I am questioning the credibility of the publication as well.


----------



## Flystagg (Nov 14, 2006)

your right that is another factor, they really should have used the same stem for all to eliminate that variable as well. Not very scientific:nono: .


----------



## Portti (Jan 12, 2004)

ettore said:


> Am I reading this correctly, that they tested the handlebars (say, for example, the FSA) with an FSA stem ... and a RaceFace with a RaceFace stem? If so, that seems pretty much completely odd ... maybe I am just reading it improperly....


Yes you are reading it correctly.

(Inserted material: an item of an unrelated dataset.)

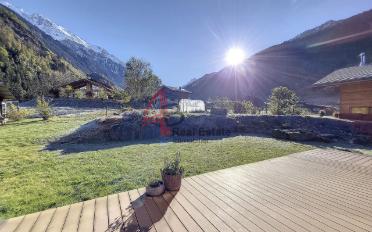 Chalet 6.5 Zimmer - image - 2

They tested FSA handlebars with FSA stem etc. I find this very logical however maybe they should have called it a handlebar/stem test instead of just handlebar test.

The magazine has a small article of the handlebar test online. It doesn't contain the test results. The article does however contain explanations on the test methods and a nice video of the test bench and a test cycle. The article can be found here:

http://www.bike-magazin.de/?p=1385


----------



## ettore (Nov 13, 2004)

I just wonder because everyone I know dislikes Easton stems ... too twisty. It would have been nicer to not use a stem at all or, if anything, use a DH stem or something that is insanely strong. Whatever, it's nice that they're attempting to test things in a remotely scientific manner. However, with the handlebar test, it (to me) merely affirms that the Easton stems are poop ... which I agree with.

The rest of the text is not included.